SOURCE RECORDS Start Marker

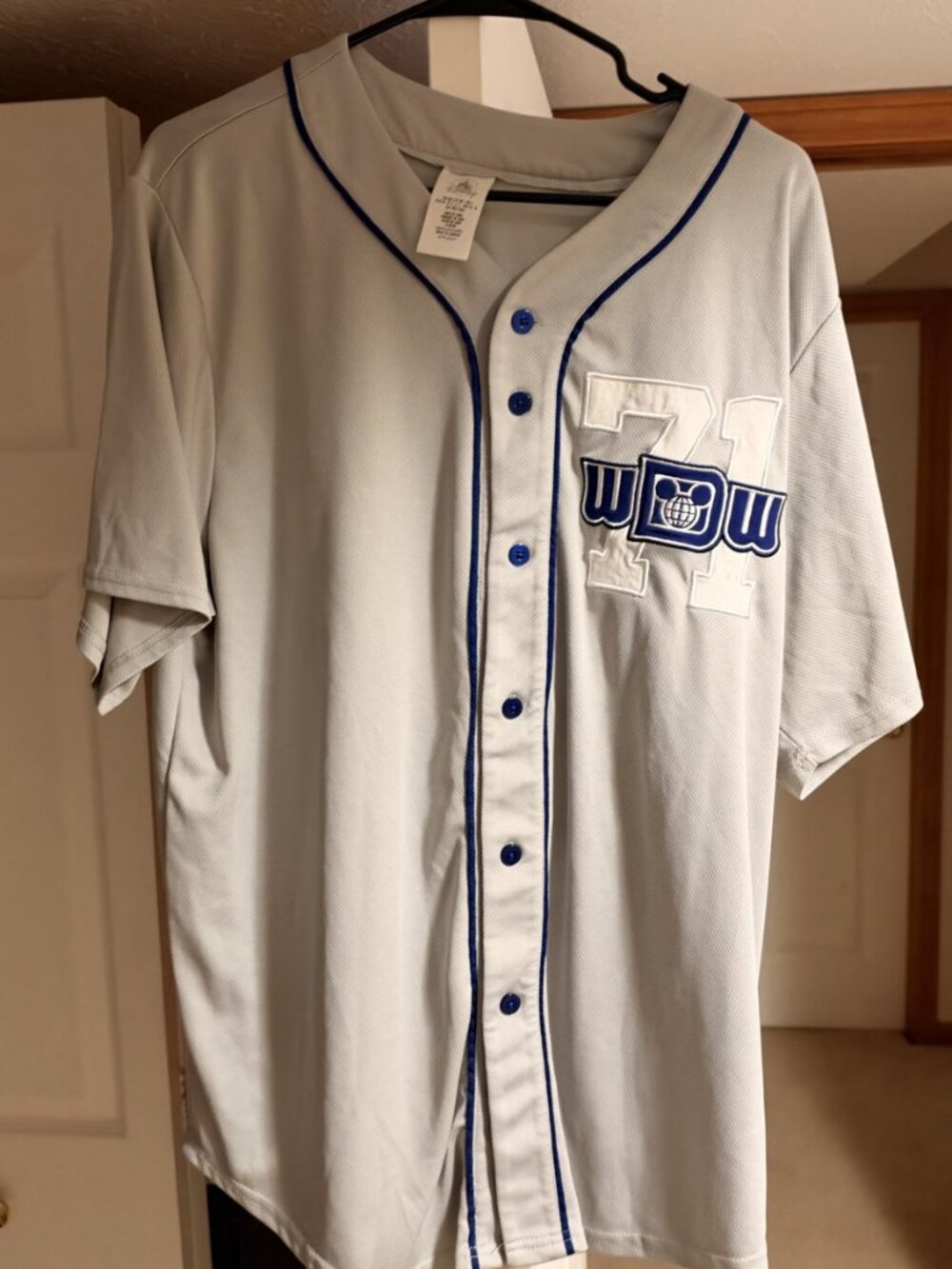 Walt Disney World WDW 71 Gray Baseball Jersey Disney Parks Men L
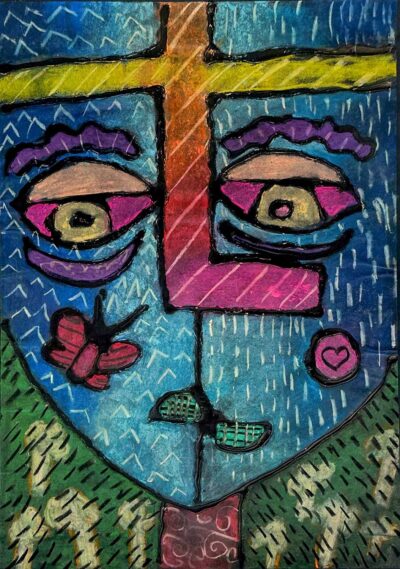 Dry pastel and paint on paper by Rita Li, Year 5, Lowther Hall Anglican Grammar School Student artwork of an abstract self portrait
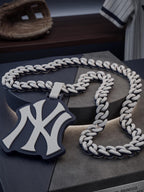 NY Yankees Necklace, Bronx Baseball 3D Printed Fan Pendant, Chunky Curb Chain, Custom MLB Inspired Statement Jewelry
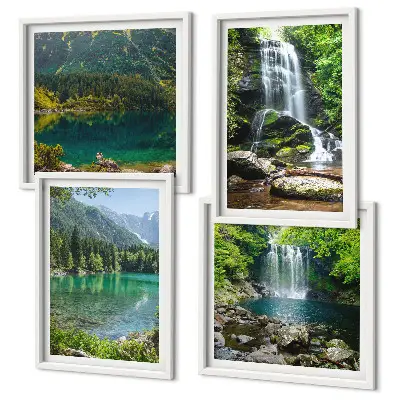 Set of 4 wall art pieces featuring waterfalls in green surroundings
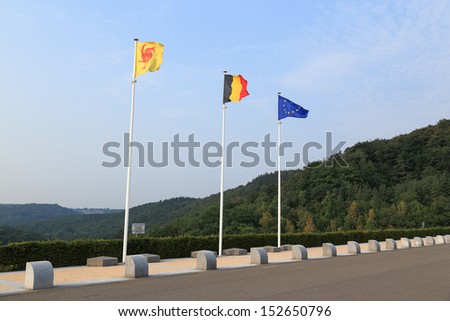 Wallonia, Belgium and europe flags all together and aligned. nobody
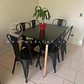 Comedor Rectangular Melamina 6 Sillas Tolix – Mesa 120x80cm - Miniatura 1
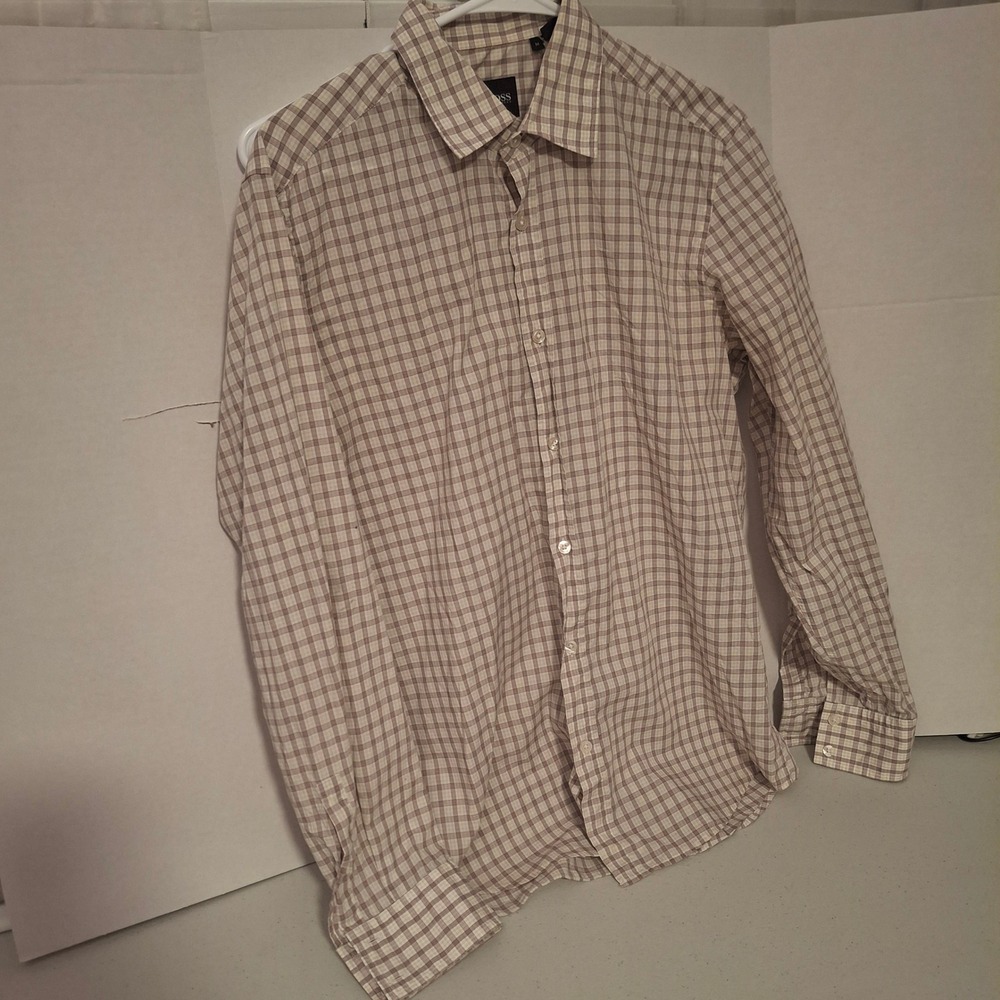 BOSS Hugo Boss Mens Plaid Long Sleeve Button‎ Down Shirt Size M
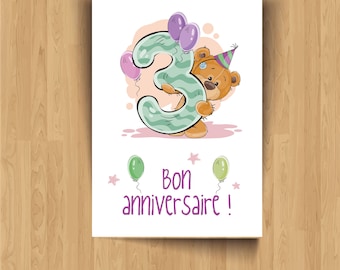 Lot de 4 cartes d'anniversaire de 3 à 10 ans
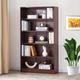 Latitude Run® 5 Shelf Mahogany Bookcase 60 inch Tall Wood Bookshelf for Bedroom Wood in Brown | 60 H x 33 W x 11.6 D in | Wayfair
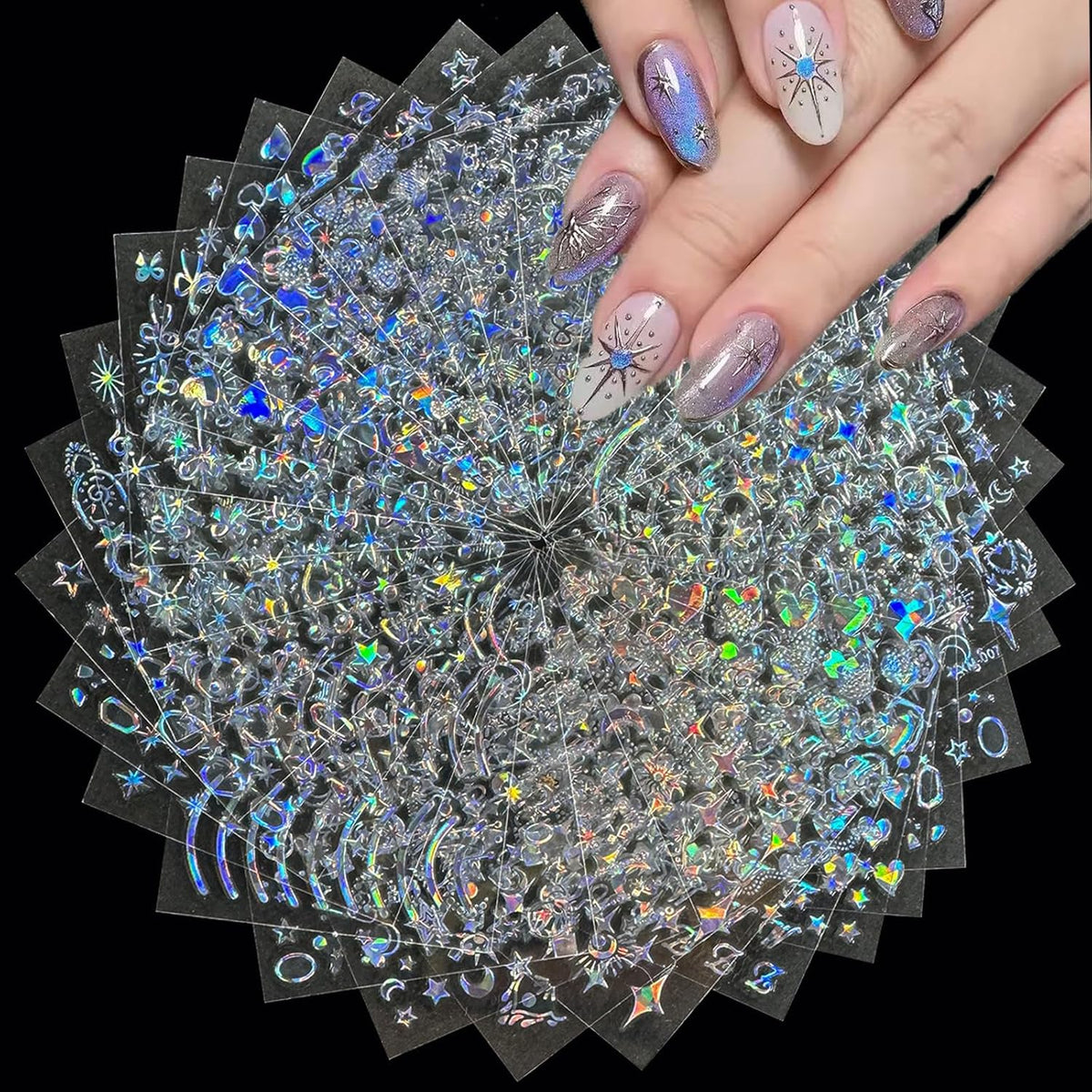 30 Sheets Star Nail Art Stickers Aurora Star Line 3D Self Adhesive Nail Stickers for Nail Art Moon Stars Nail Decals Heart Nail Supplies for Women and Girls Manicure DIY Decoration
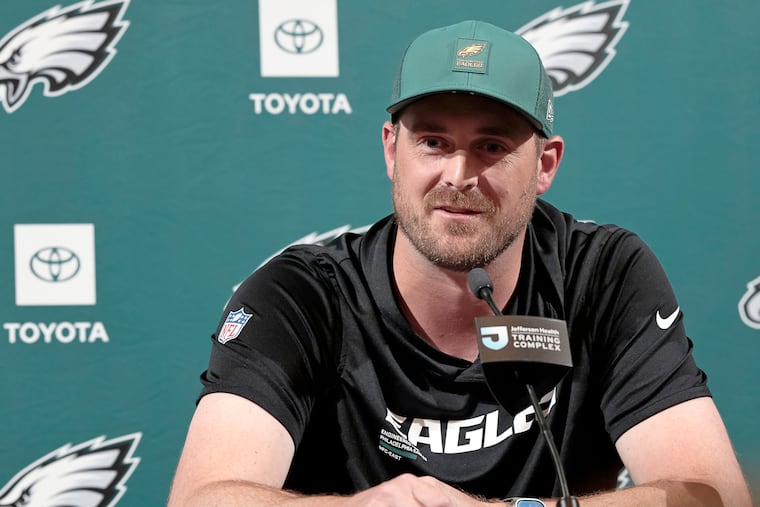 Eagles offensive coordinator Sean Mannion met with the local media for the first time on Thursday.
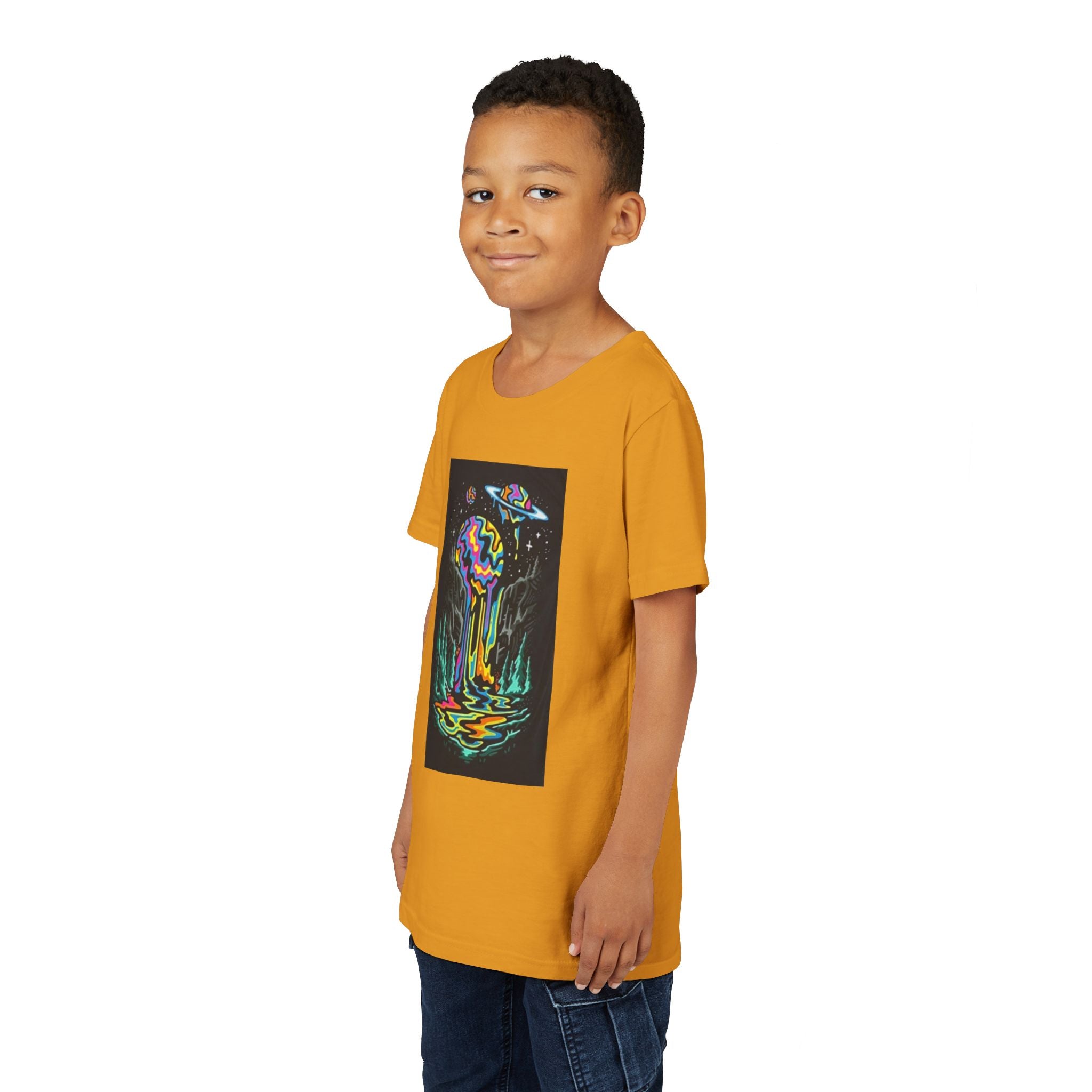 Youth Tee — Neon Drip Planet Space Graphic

SOURCE RECORDS End Marker

* YOUR GOAL: All of the records above should be written out exactly, with the pictures left out.

* REPLY TO THE EXERCISE:
 Walt Disney World WDW 71 Gray Baseball Jersey Disney Parks Men L
 Dry pastel and paint on paper by Rita Li, Year 5, Lowther Hall Anglican Grammar School Student artwork of an abstract self portrait
 NY Yankees Necklace, Bronx Baseball 3D Printed Fan Pendant, Chunky Curb Chain, Custom MLB Inspired Statement Jewelry
 Set of 4 wall art pieces featuring waterfalls in green surroundings
 Wallonia, Belgium and europe flags all together and aligned. nobody
 Comedor Rectangular Melamina 6 Sillas Tolix – Mesa 120x80cm - Miniatura 1
 BOSS Hugo Boss Mens Plaid Long Sleeve Button‎ Down Shirt Size M
 Lot de 4 cartes d'anniversaire de 3 à 10 ans
 Latitude Run® 5 Shelf Mahogany Bookcase 60 inch Tall Wood Bookshelf for Bedroom Wood in Brown | 60 H x 33 W x 11.6 D in | Wayfair
 30 Sheets Star Nail Art Stickers Aurora Star Line 3D Self Adhesive Nail Stickers for Nail Art Moon Stars Nail Decals Heart Nail Supplies for Women and Girls Manicure DIY Decoration
 Eagles offensive coordinator Sean Mannion met with the local media for the first time on Thursday.
 Youth Tee — Neon Drip Planet Space Graphic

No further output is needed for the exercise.